Bloomberg News
The Trump administration’s appeal of a ruling stopping the efforts to shut down the Consumer Financial Protection Bureau was taken to the wrong court, plaintiffs argue, complicating an already heated legal challenge to the administration’s activities at the beleaguered bureau.
The CFPB’s union countered a Saturday appeal by the Department of Justice to the U.S. Court of Appeals for the District of Columbia Circuit with its own motion alleging that the Justice Department failed to first request a stay of the preliminary injunction to the district court, as required by the general rules of public procedure. Instead, the Trump administration filed an appeal directly to the D.C. Circuit, claiming that it had already asked for a stay retroactively in an opposition brief filed in the district court five weeks ago — before the preliminary injunction was granted.
The legal wrangling is the latest skirmish in a much larger fight over the future of the CFPB.
President Trump has said his goal is to eliminate the agency, which was created by Sen. Elizabeth Warren, D-Mass., in the aftermath of the 2008 financial crisis.
Some legal experts think the DOJ is trying to take the fight to the Supreme Court as quickly as possible. Already there are six pending emergency applications by the Trump administration before the Supreme Court. Since Trump took office, more than 158 lawsuits have been filed against the government, according to legal tracking site Just Security.
The battle over the CFPB centers on a sweeping preliminary injunction granted on Friday by U.S. District Judge Amy Berman Jackson. She ordered the government to rehire all probationary and temporary CFPB employees who had been fired, reinstate all contracts, and preserve the agency’s data, while prohibiting the government from firing employees en masse or stopping them from working.
“This is lawless. These commands have no anchor in statute. They do not track any specific CFPB duties Congress made obligatory,” the Justice Department wrote in an 81-page motion. “Nothing in any statute requires President Trump to maintain, organize,or administer the Bureau in the same manner as did President Biden. Nor does anything prohibit the Bureau’s leadership from using normal tools — including, as appropriate, reductions-in-force and contract terminations — to administer the Bureau as they think the public interest warrants, within the broad parameters established by statute.”
The National Treasury Employees Union, which sued the CFPB’s acting Director Russell Vought in February, argued that the government did not follow proper legal procedure. Under the federal rules of civil procedure, Rule 8 requires that parties seeking a stay from an appellate court not only “move first in the district court” but also “state any reasons given by the district court” for denying a stay, wrote Deepak Gupta, who represents the CFPB’s union.

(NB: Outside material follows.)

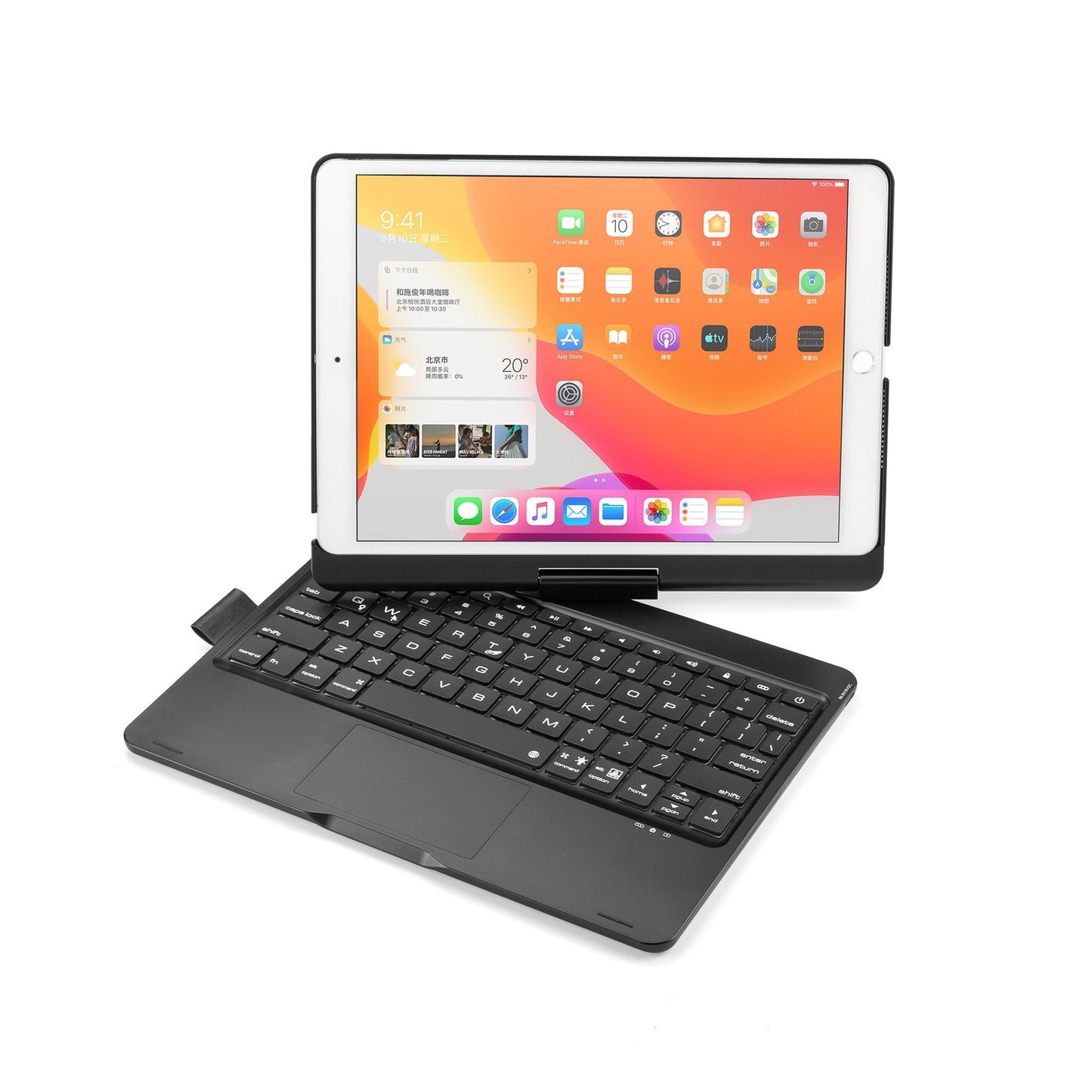 Compatible avec Apple, clavier tactile Bluetooth rotatif avec rétroéclairage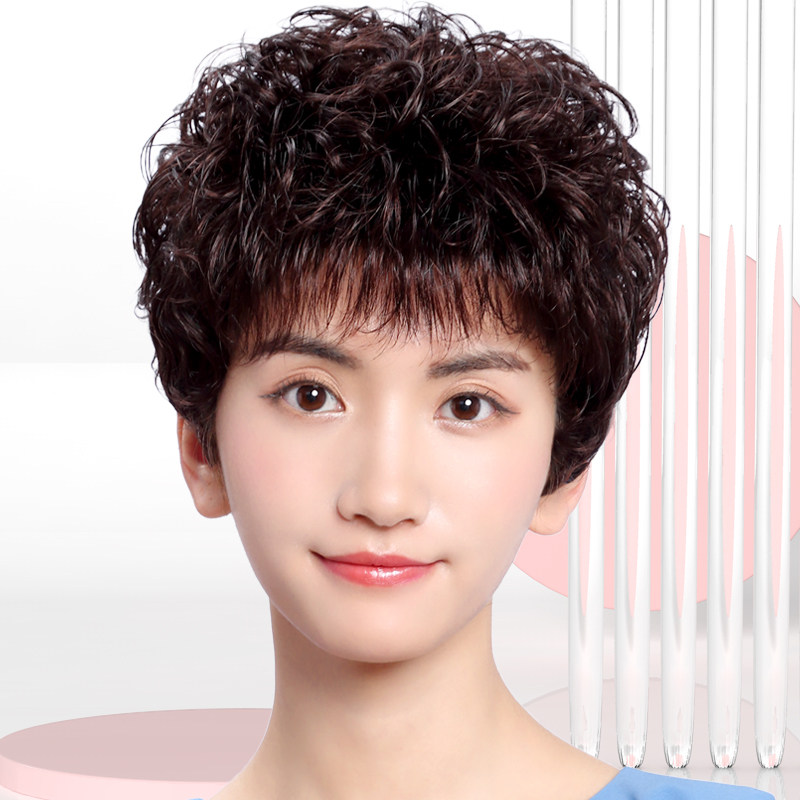 贝丝特真发中老年短卷发整顶假发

The judge noted in her ruling on the preliminary injunction that Vought and the bureau’s Chief Legal Officer Mark Paoletta had planned to gut the agency and fire 1,175 employees even as the DOJ was claiming in court that the CFPB’s staff was performing all legally mandated work. Vought and Paoletta both have top jobs at the Office of Management and Budget, with secondary jobs at the CFPB.
Separately, an email sent Tuesday by Adam Martinez, the CFPB’s chief operating officer, ordered the bureau’s employees to comply with the district court’s preliminary injunction and “continue performing tasks required by law.” The email, obtained by American Banker, continued to make a distinction between statutory work and discretionary work that required approval from Paoletta.
Martinez has been used by Vought and Paloetta as a go-between with staff. Several CFPB employees, who requested anonymity for fear of retribution, said they have not heard directly from Vought or Paoletta since Feb. 10.
Though employees were ordered to return to work or to work remotely, the CFPB’s headquarters at 1700 G Street remains closed and all regional office leases were terminated by the General Services Administration on Feb. 21.